By now, the majority of you have probably heard about the possibility of a tropical/sub-tropical system developing off the East Coast next week. It’s not uncommon to have a pre-season tropical system to develop, and it doesn’t necessarily mean that pre-season activity is a sign that the upcoming season is going to be active. However, just because a tropical or sub-tropical system develops early doesn’t mean it can’t bring heavy rain, higher surf, and strong winds just like during the normal Atlantic hurricane season (June 1st – November 30th).
A frontal boundary pushed past Florida the other day, bringing the area heavy rainfall, and now this old boundary has stalled below the state across the western Atlantic. You’ve heard me talk a lot about the active sub-tropical jet stream over the past few months, which is a column of strong winds in the upper-levels of the atmosphere and has been responsible for transporting a lot of moisture into parts of the United States this spring. That’s why many of you have been inundated with heavy rain this season.
In fact, this active jet stream is currently stretching across the entire Atlantic and into Europe, bringing many areas around the world wetter conditions. This sub-tropical jet stream is going to carry over a piece of energy across the Gulf that will eventually be responsible for triggering the development of a surface low pressure system along that stalled front in the western Atlantic/along the southern East Coast. This is the system to watch!
It’s difficult to determine if this system will be fully tropical or sub-tropical, but the overall impacts should be about the same regardless. A sub-tropical system has the characteristics of a tropical system (e.g. tropical storm, hurricane) and a mid-latitude cyclone (e.g. a low pressure system with an associated cold front, warm front, etc.). I’m not going to take the time to get into any more detail on the differences between the two.
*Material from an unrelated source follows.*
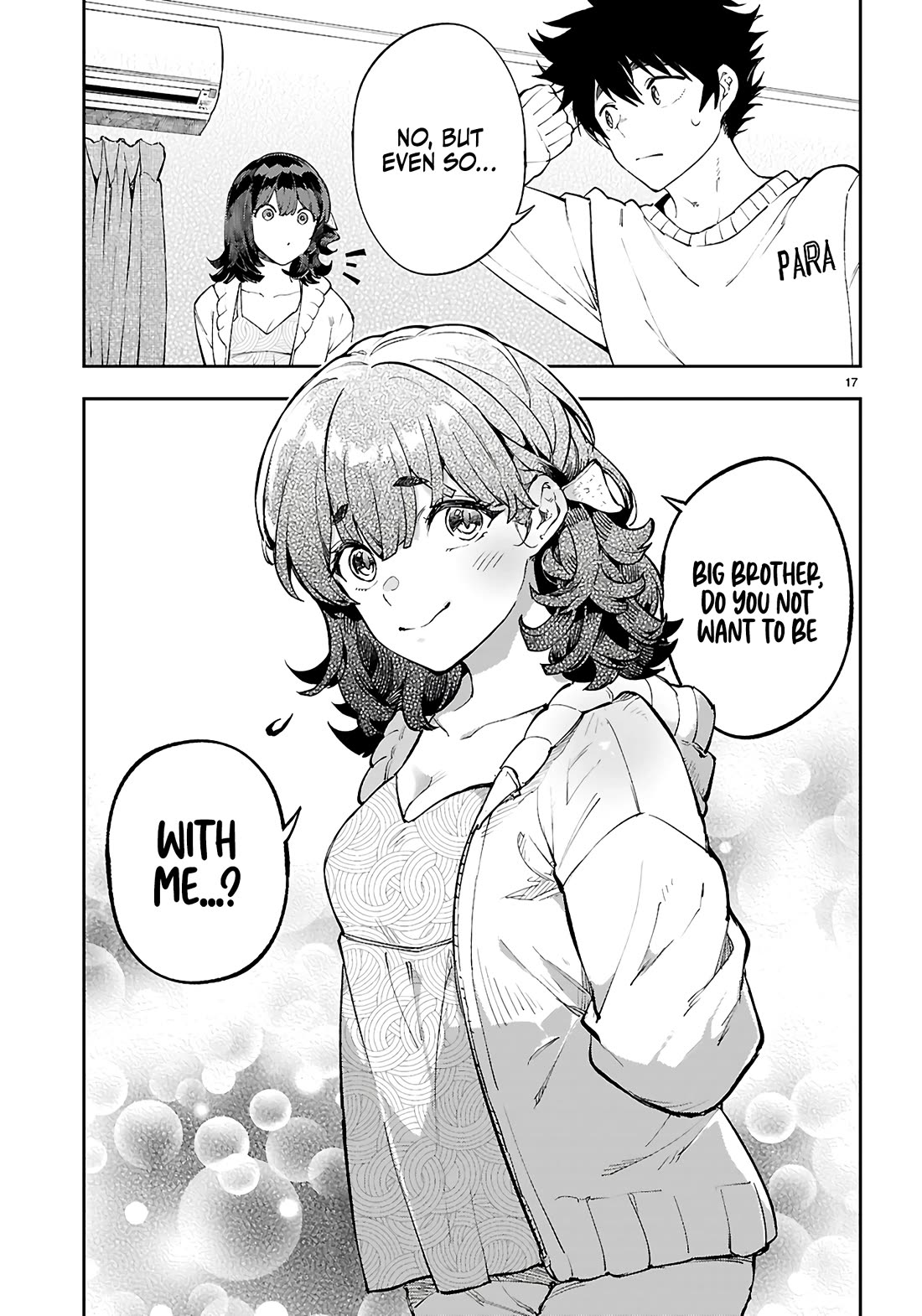 Irresistible! The Ordinary(?) Daily Life of a Reincarnated Sage chapter 3 page 18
Once this low pressure system develops, it could strengthen as it slowly moves northward along the southern East Coast. A trough is currently moving off the East Coast (which has been responsible for the nicer/cooler weather for many), and a ridge (blocking high pressure) is going to build over much of the United States in its place. Since this is going to happen, our storm is not going to be able to go anywhere and will be suppressed to the south. This means it will likely meander off or along the coast for several days until it gets pulled farther north.
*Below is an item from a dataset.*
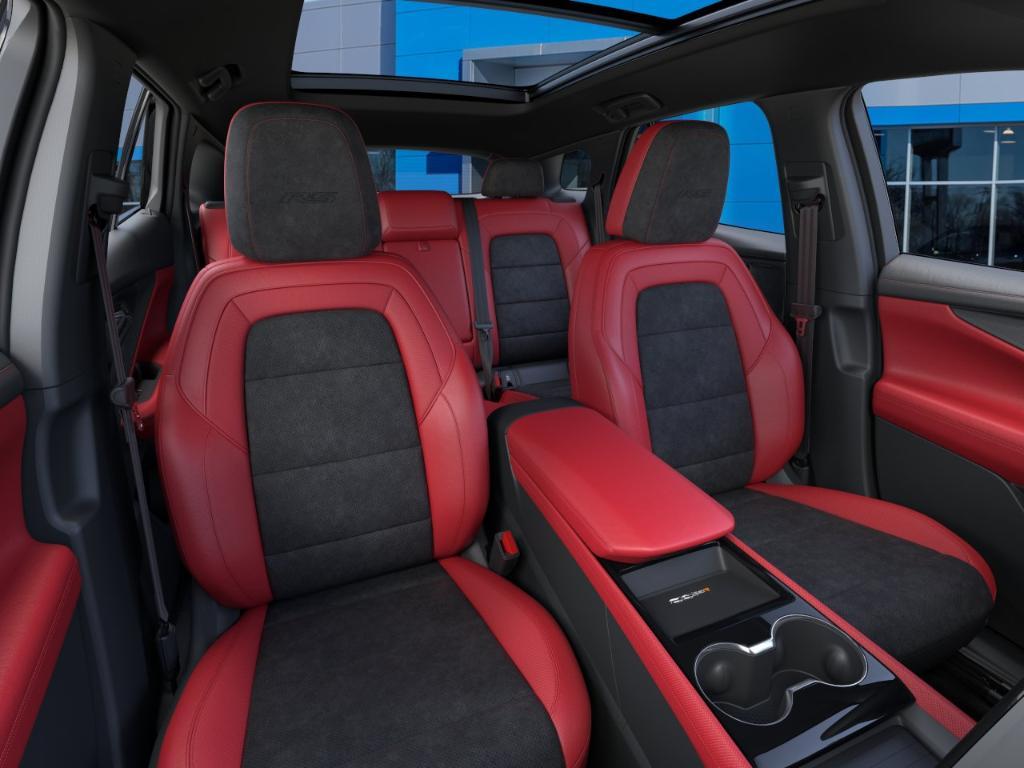 new 2025 Chevrolet Blazer EV car, priced at $52,610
The sea surface temperatures in the Gulf of Mexico and along the East Coast are above average, and there is a tongue of warmer waters along the East Coast being pulled up from the Gulf stream. This could give this system the needed fuel to strengthen into the first named storm of the Atlantic hurricane season. That’s very uncertain at this point though.
What To Expect:
This storm needs to track fairly close to the coast to have a decent chance of strengthening. The areas that will most likely be impacted with heavy rainfall and gusty winds will be from the Florida east coast up through South Carolina/North Carolina. Again, this storm will probably just sit along or over these regions for several days next week, and eventually a trough should move far enough east (maybe next weekend) to pull the storm farther up the coast, bringing heavy rain farther north along the coast.
As always, have a plan in place just in case. Although it’s early in the year, rapid strengthening can occur, and it’s definitely not impossible. Right now, it’s much too early for me to try to forecast actual strength, but I wouldn’t be surprised if this ends up being a decent tropical/sub-tropical system, which would be named Ana. Remember that forecasting the strength and exact track of a tropical system is difficult in meteorology, which is why you should always be prepared.
I’ll continue to keep everyone updated in the coming days.